I'm curious too, re EP sound.
You're not allowed to be part of a copyright collection society, in our case STIM, due to the contract you write with EP sound. So how does that work with the other songs you've written?
Because as soon as you commit to be part of STIM they will collect royalties from all your work and that wouldn't fly with the EP contract...
/Anders


----------



## P-A NILSSON

Hi there, 

Yes, ES is royalty free, you sell your rights completly. 
In my case i gained alot of experience and got about 4500 sek per song. 

I knew that it wasn't the best deal going in but at least i get to work with music.


----------



## P-A NILSSON

Jdiggity1 said:


> It's looking good Per! Squarespace always looks great for portfolios.
> 2 things I would do though... Optimise the graphic in the "music" header by reducing the file size. Maybe re-export it as a medium-quality jpeg or use an online tool like optimizilla.com. It took a while to load for me so at first I thought you had forgotten to put an image there completely.
> Secondly, if possible, try to organise the text on your "works" page into 2 columns to reduce the need for scrolling.
> 
> Oh and a tip - having your email address as text in your contact page will almost certainly lead to spam. To avoid this, you can use a contact form, use a graphic of your email address (so the text can not be extracted by bots), or write it out broken, eg. jdiggity(at)vicontrol(dot)com
> 
> Oh and nice tracks.





Jdiggity1 said:


> It's looking good Per! Squarespace always looks great for portfolios.
> 2 things I would do though... Optimise the graphic in the "music" header by reducing the file size. Maybe re-export it as a medium-quality jpeg or use an online tool like optimizilla.com. It took a while to load for me so at first I thought you had forgotten to put an image there completely.
> Secondly, if possible, try to organise the text on your "works" page into 2 columns to reduce the need for scrolling.
> 
> Oh and a tip - having your email address as text in your contact page will almost certainly lead to spam. To avoid this, you can use a contact form, use a graphic of your email address (so the text can not be extracted by bots), or write it out broken, eg. jdiggity(at)vicontrol(dot)com
> 
> Oh and nice tracks.



Thank you for the tips!
I will look in to it in the morning


----------



## P-A NILSSON

WallofSound said:


> I'm curious too, re EP sound.
> You're not allowed to be part of a copyright collection society, in our case STIM, due to the contract you write with EP sound. So how does that work with the other songs you've written?
> Because as soon as you commit to be part of STIM they will collect royalties from all your work and that wouldn't fly with the EP contract...
> /Anders



Hi, 
Thats right the day i started to work with ES i had to break my contract with Stim, there is no way i can use both at the same time.
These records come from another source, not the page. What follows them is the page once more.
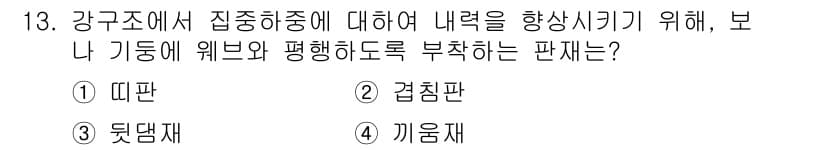 9급_국가직_공무원_건축구조 2024년 13번 - 정답과 핵심 포인트를 검수 중인 기출문제
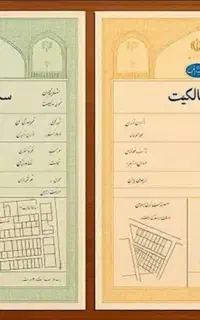 وکالت کاری (وکالت مدنی)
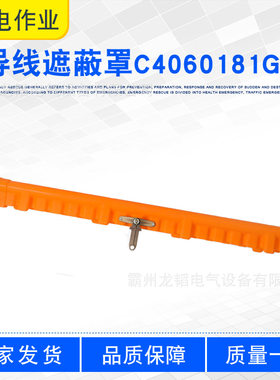 带适配器导线遮蔽罩C4060181GA硬质跳线防护罩电力施工绝缘导线罩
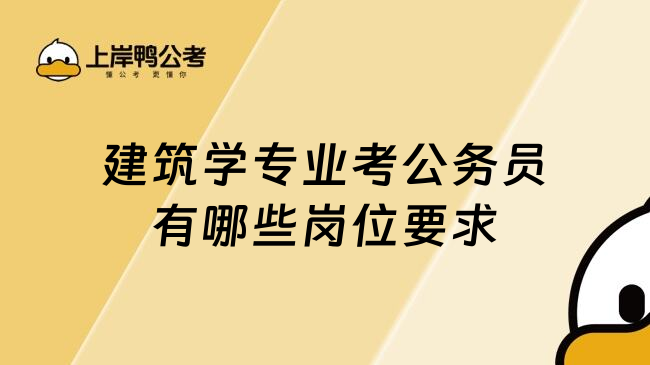 建筑学专业考公务员有哪些岗位要求
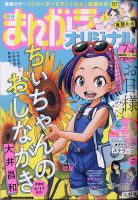 まんがライフオリジナル 2020年7月号 表紙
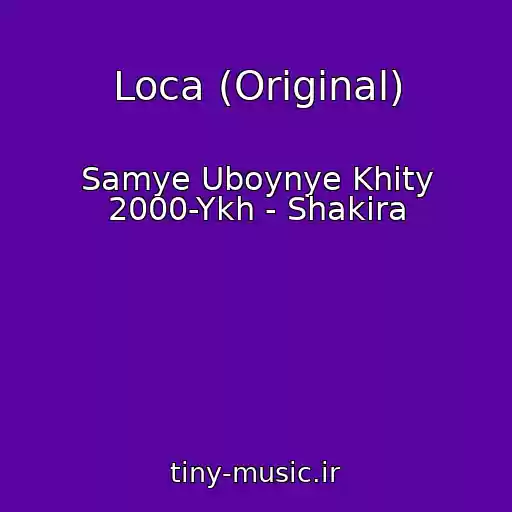 کاور آهنگ Loca (Original) از Samye Uboynye Khity 2000-Ykh - Shakira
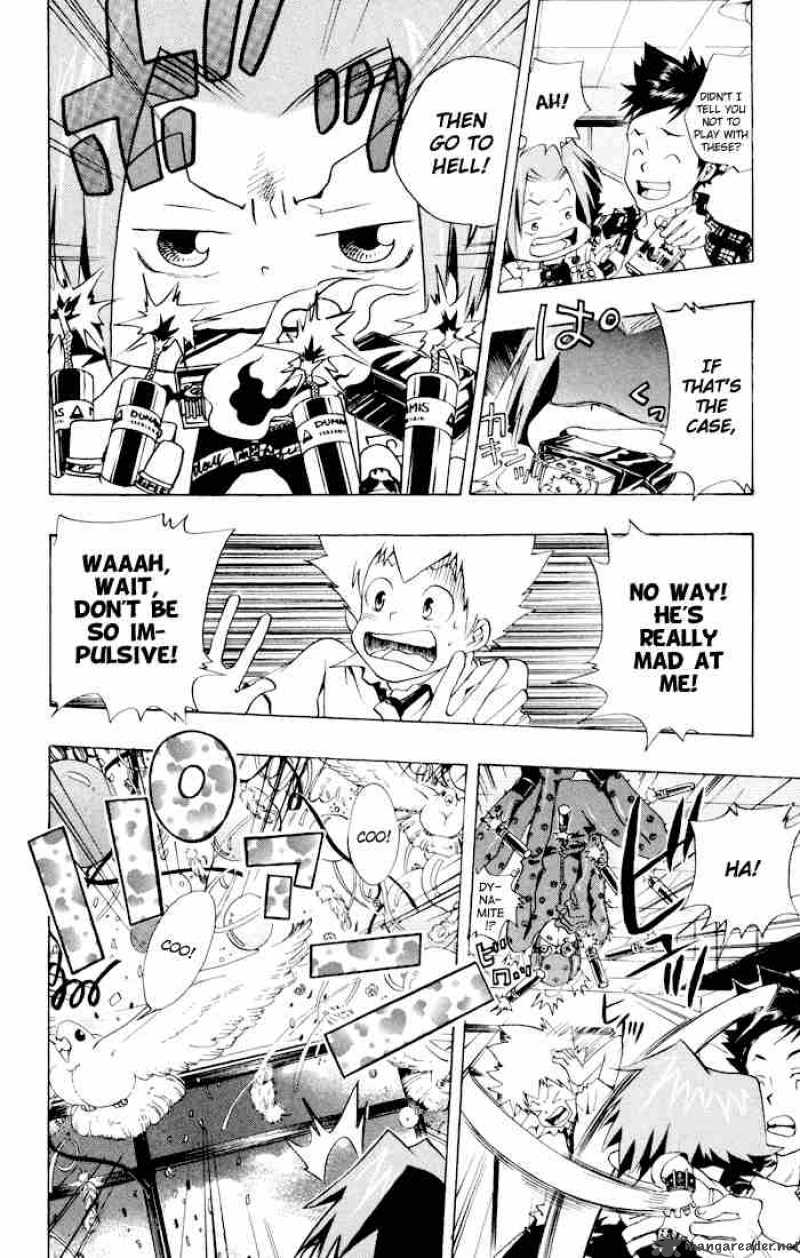 Katekyo Hitman Reborn 53 11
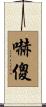 嚇傻 Scroll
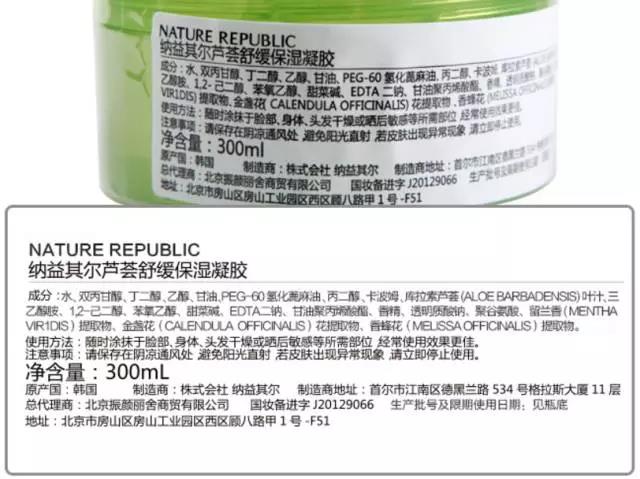 什么芦荟胶才是真正的芦荟胶呢,纯天然的芦荟胶的正确使用方法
I have recently gone out of ES and started with stim again and i can report my songs at least three years back.


----------



## josefsnabb

Nice page all around! Clean and easily oriented. 

As a visitor on the page, I can give some feedback.

About:
All good. Maybe add some pictures you in any studio? Playing instruments etc. 
Music:
Easy to listen. But want more tracks! Good music you have done btw. 
Work
The Clients area could be more appealing and structured. For example, add Logos of the companies, or some small pictures that are relevant to the different projects.


----------



## P-A NILSSON

josefsnabb said:


> Nice page all around! Clean and easily oriented.
> 
> As a visitor on the page, I can give some feedback.
> 
> About:
> All good. Maybe add some pictures you in any studio? Playing instruments etc.
> Music:
> Easy to listen. But want more tracks! Good music you have done btw.
> Work
> The Clients area could be more appealing and structured. For example, add Logos of the companies, or some small pictures that are relevant to the different projects.



Hi Josef! 
Many thanks for all the great tips  
It's always so hard to find the time to make new songs haha. 

Thanks again man! 

//P-A


----------



## WaldmanD

agree with Josef- even a small amount of visual stuff in the clients area could go a long way towards showing that you're a professional and have "worked well with others" etc


----------



## adamsample

pretty nice. Love the shot with the plant 
Good to see cause i am at a point i need to make a site as well.


----------



## P-A NILSSON

adamsample said:


> pretty nice. Love the shot with the plant
> Good to see cause i am at a point i need to make a site as well.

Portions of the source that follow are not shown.